Caption-style text data

--

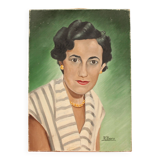 Portrait of a woman on canvas, early 20th century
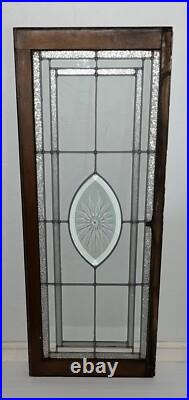 ANTIQUE BEVELED ETCHED LEADED GLASS WINDOW IN VG CONDITION, COAL TOWN PA 1930s ANTIQUE BEVELED ETCHED LEADED GLASS WINDOW IN VG CONDITION, COAL TOWN PA 1930s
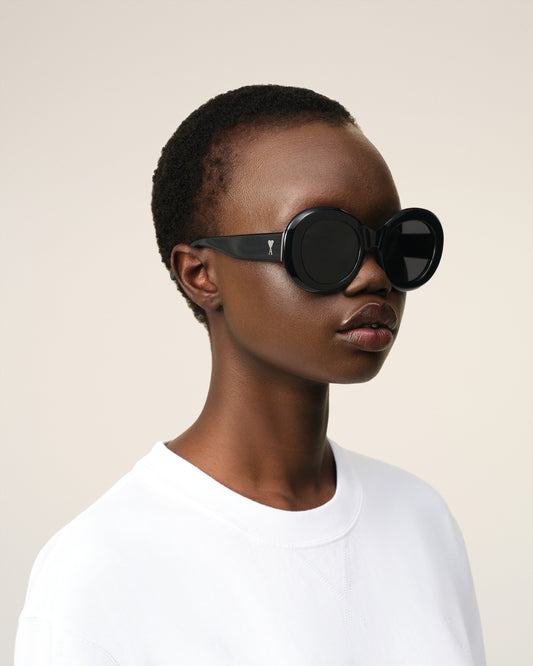 Black Acetate Rounded Ami de Coeur Sunglasses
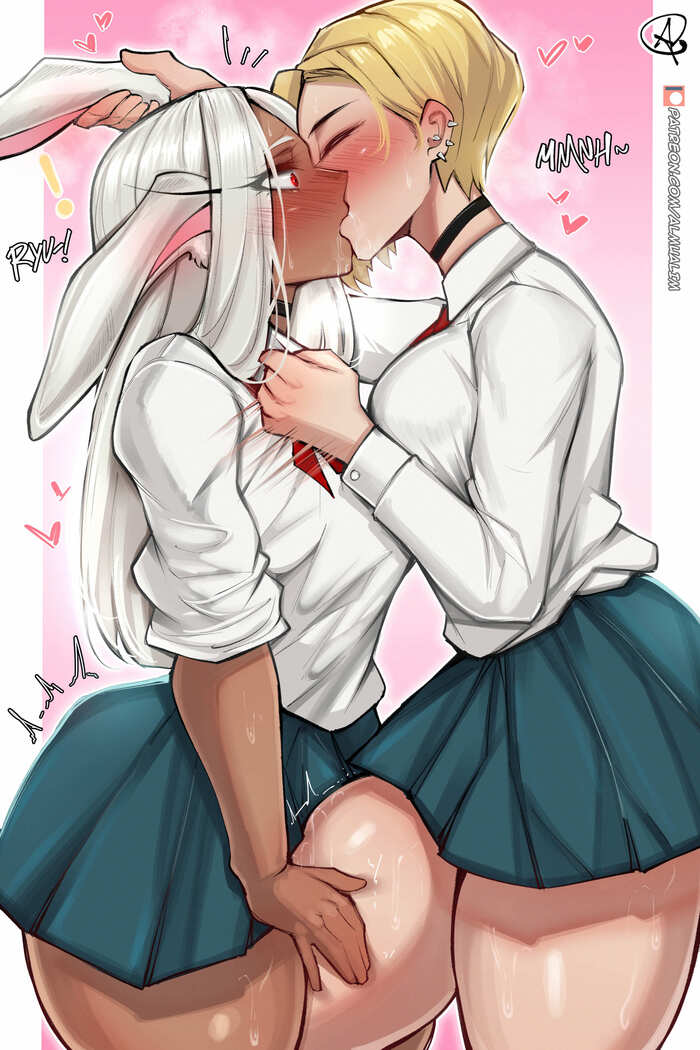 Wow, superheroines - NSFW, Art, Anime, Anime art, Hand-drawn erotica, Erotic, Boku no hero academia, Miruko, Ryuko Tatsuma, Yuri, Animal ears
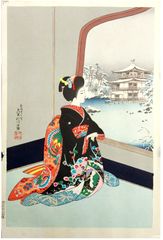 Snow at the Golden Pavilion by Sadanobu III 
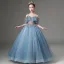 Chic / Beautiful Sky Blue Beading Sequins Birthday Flower Girl Dresses 2024 Ball Gown Scoop Neck Short Sleeve Floor-Length / Long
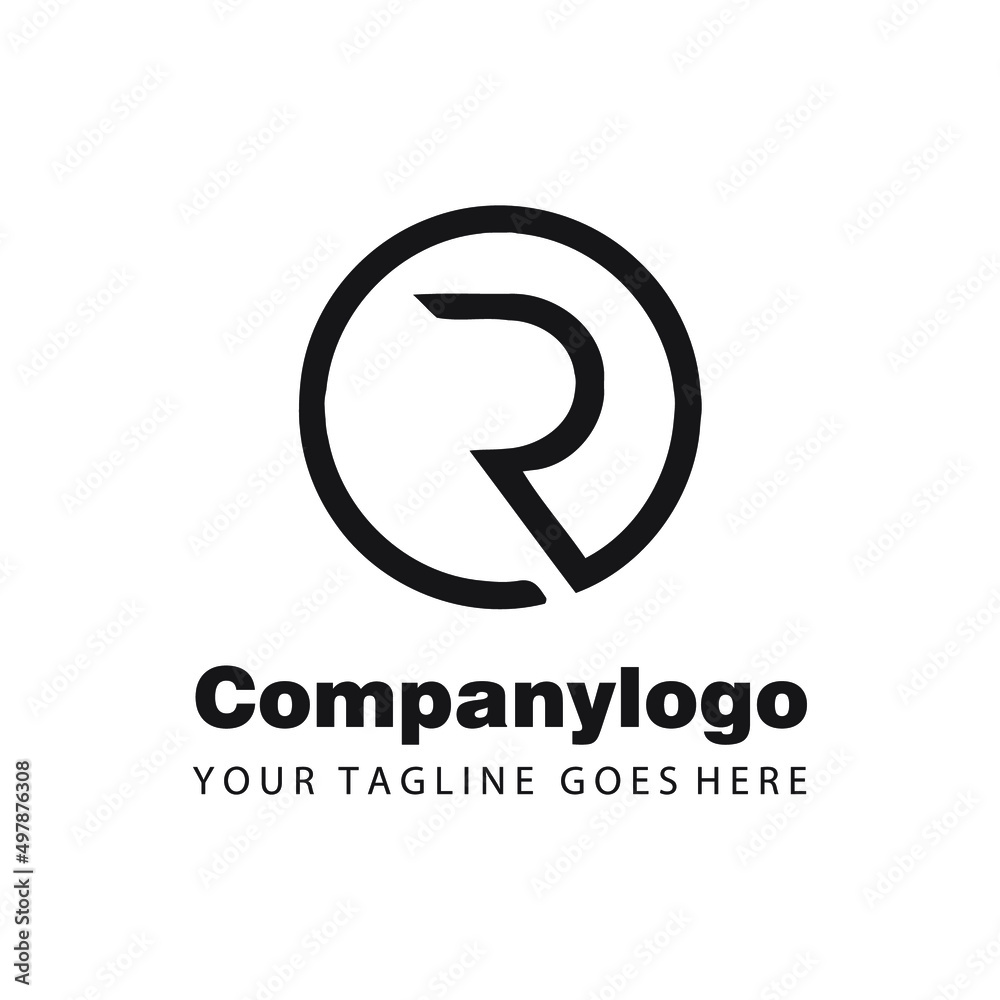 creative letter r circle for company logo template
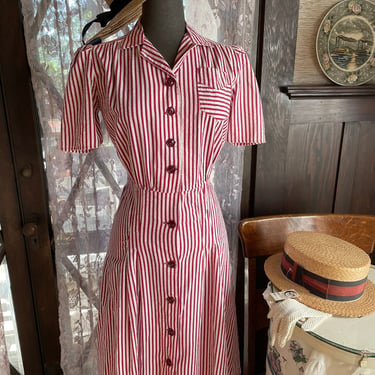 Vintage 1930s 40s Striped Seersucker Button Up Shirt Dress- Size Small 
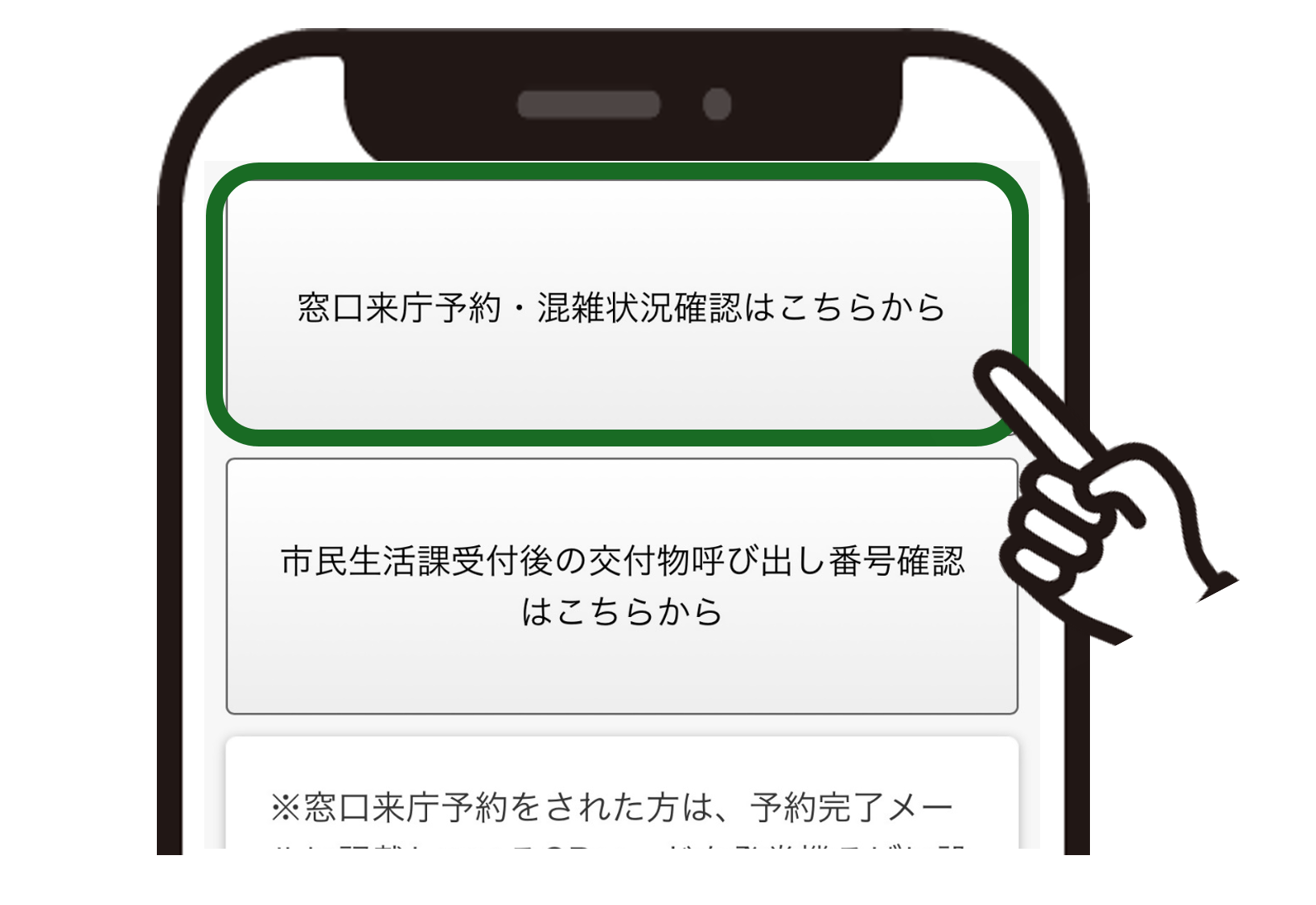 スマートフォンの画面に表示された、「窓口来庁予約・混雑状況確認はこちらから」と書かれたメニューボタンを指差しアイコンが選択し、オンラインで手続きや確認ができることを示すイラスト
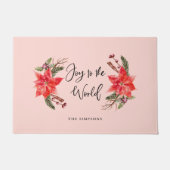 Gezegende Blush Pink Heart Typografie Deurmat (Voorkant)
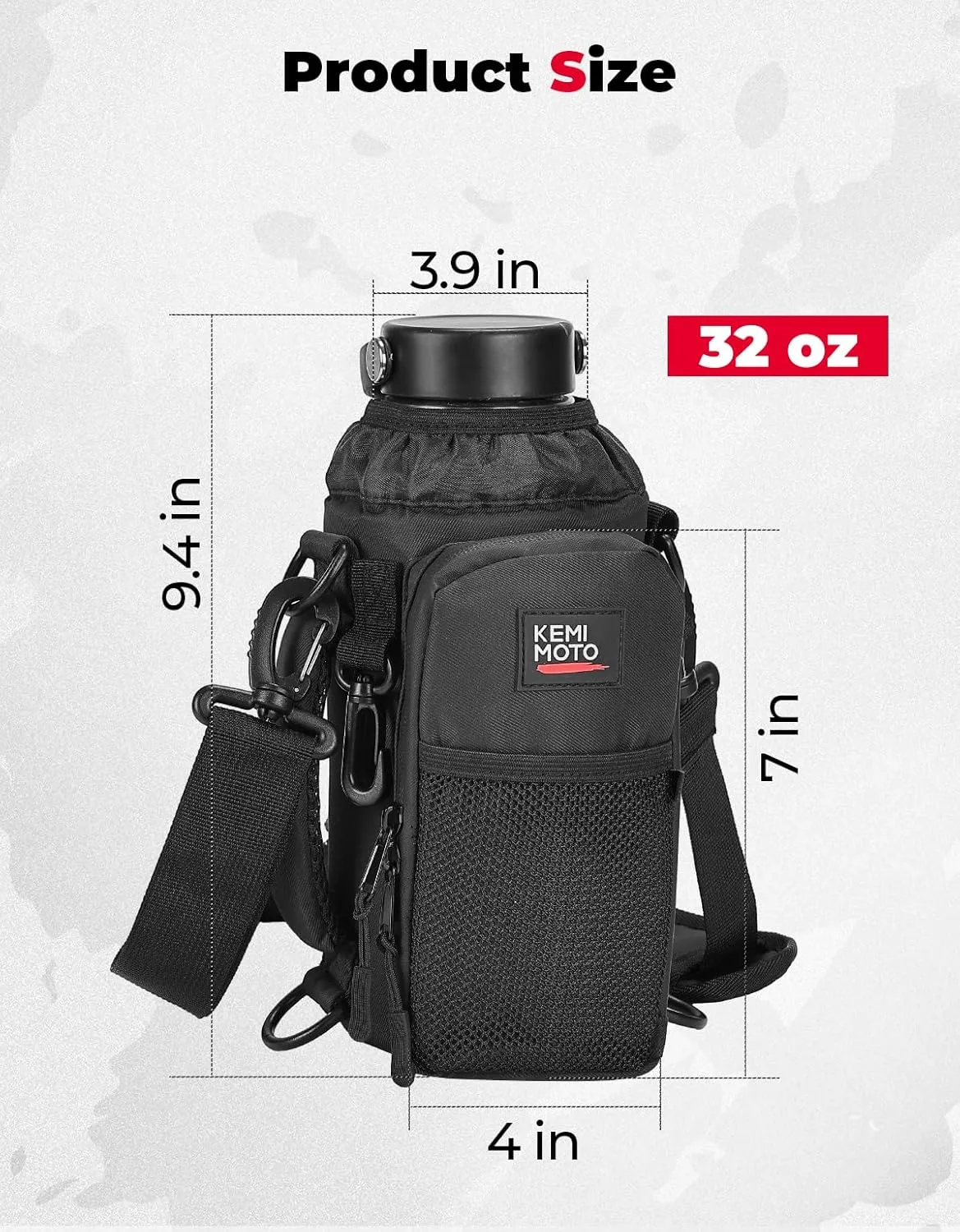 KEMIMOTO Water Bottle Holder Bag, Water Bottle Carrier with Adjustable Shoulder Strap, Water Bottle Pouch Holder for Hiking, Compatible with YETI Stanley SLM 32 oz, 40 oz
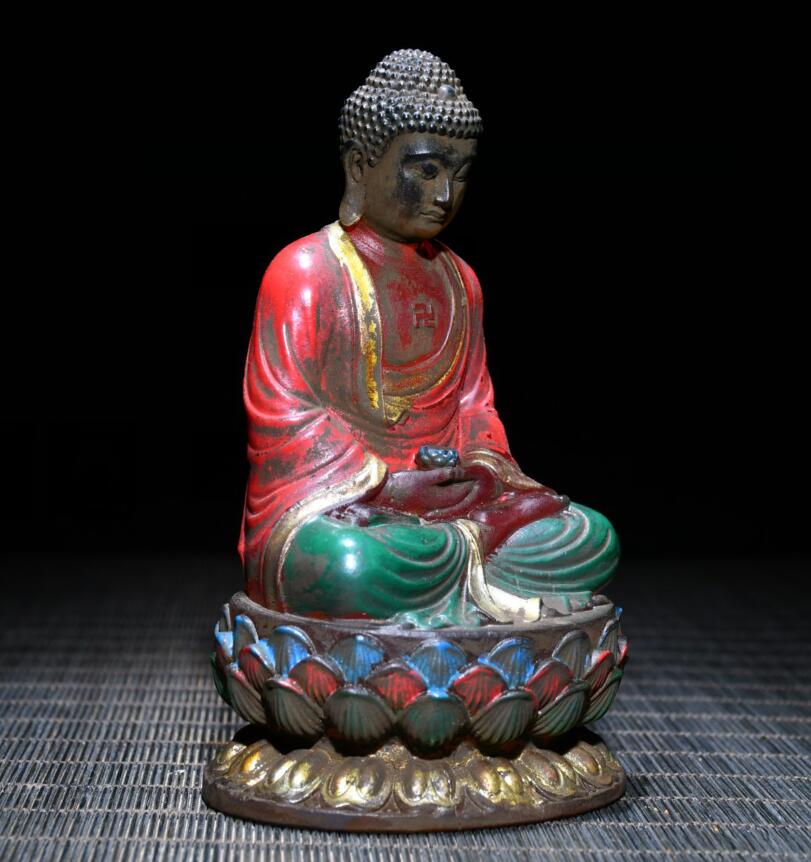 Archaize Coloured glaze Tathagata Buddha crafts statue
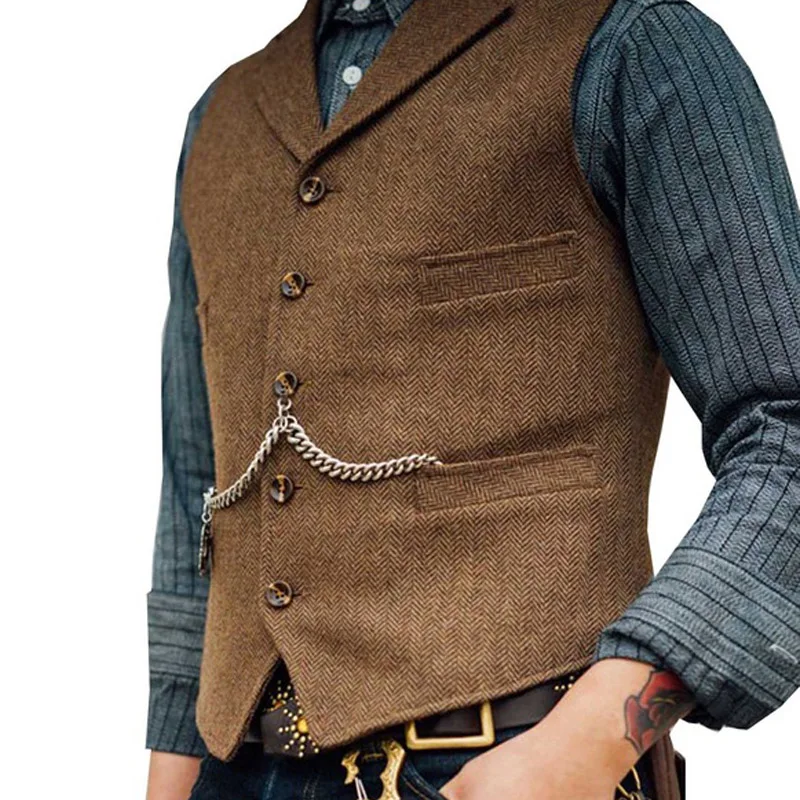 

Royal Blue Vest Men's Formal Business Herringbone suit Vest Wool/Tweed Notch Notch Lapel Waistcoat Groomsmen For Wedding New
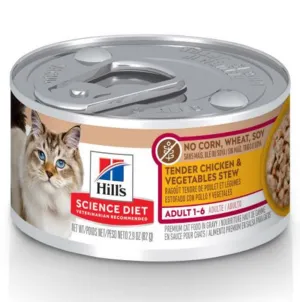 Hill's Science Diet Chicken & Vegetable Stew No Corn, Wheat, Soy Adult Wet Cat Food cat calming diffuser cat stress relief anxiety cat treats cat relaxing spray pet mood aid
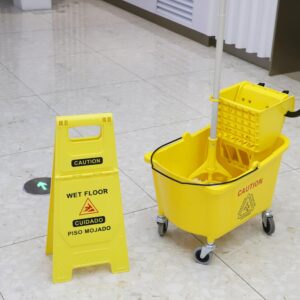 Midoneat Side Press Wringer Combo Commercial Mop Bucket on Wheels, 35 Quart,Yellow, Including Wet Floor Caution Sign（24Inch） and One Industrail Mop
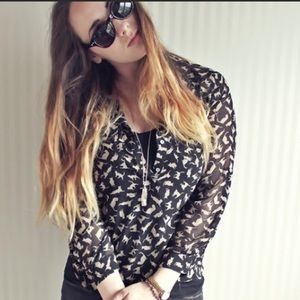H&M Cat Print Blouse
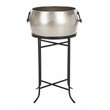 Safavieh Azov Modern Steel Metal Outdoor Plant Stand in Pewter/Black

--

> _EXERCISE BRIEF_
Reproduce all the data as it stands. The pictures are not part of the copy.

> _ANSWER FOR THE TASK_
 Portrait of a woman on canvas, early 20th century
 ANTIQUE BEVELED ETCHED LEADED GLASS WINDOW IN VG CONDITION, COAL TOWN PA 1930s ANTIQUE BEVELED ETCHED LEADED GLASS WINDOW IN VG CONDITION, COAL TOWN PA 1930s
 Black Acetate Rounded Ami de Coeur Sunglasses
 Wow, superheroines - NSFW, Art, Anime, Anime art, Hand-drawn erotica, Erotic, Boku no hero academia, Miruko, Ryuko Tatsuma, Yuri, Animal ears
 Snow at the Golden Pavilion by Sadanobu III 
 Chic / Beautiful Sky Blue Beading Sequins Birthday Flower Girl Dresses 2024 Ball Gown Scoop Neck Short Sleeve Floor-Length / Long
 creative letter r circle for company logo template
 Vintage 1930s 40s Striped Seersucker Button Up Shirt Dress- Size Small 
 スマートフォンの画面に表示された、「窓口来庁予約・混雑状況確認はこちらから」と書かれたメニューボタンを指差しアイコンが選択し、オンラインで手続きや確認ができることを示すイラスト
 Gezegende Blush Pink Heart Typografie Deurmat (Voorkant)
 KEMIMOTO Water Bottle Holder Bag, Water Bottle Carrier with Adjustable Shoulder Strap, Water Bottle Pouch Holder for Hiking, Compatible with YETI Stanley SLM 32 oz, 40 oz
 Archaize Coloured glaze Tathagata Buddha crafts statue

Royal Blue Vest Men's Formal Business Herringbone suit Vest Wool/Tweed Notch Notch Lapel Waistcoat Groomsmen For Wedding New
 Hill's Science Diet Chicken & Vegetable Stew No Corn, Wheat, Soy Adult Wet Cat Food cat calming diffuser cat stress relief anxiety cat treats cat relaxing spray pet mood aid
 Midoneat Side Press Wringer Combo Commercial Mop Bucket on Wheels, 35 Quart,Yellow, Including Wet Floor Caution Sign（24Inch） and One Industrail Mop
H&M Cat Print Blouse
 Safavieh Azov Modern Steel Metal Outdoor Plant Stand in Pewter/Black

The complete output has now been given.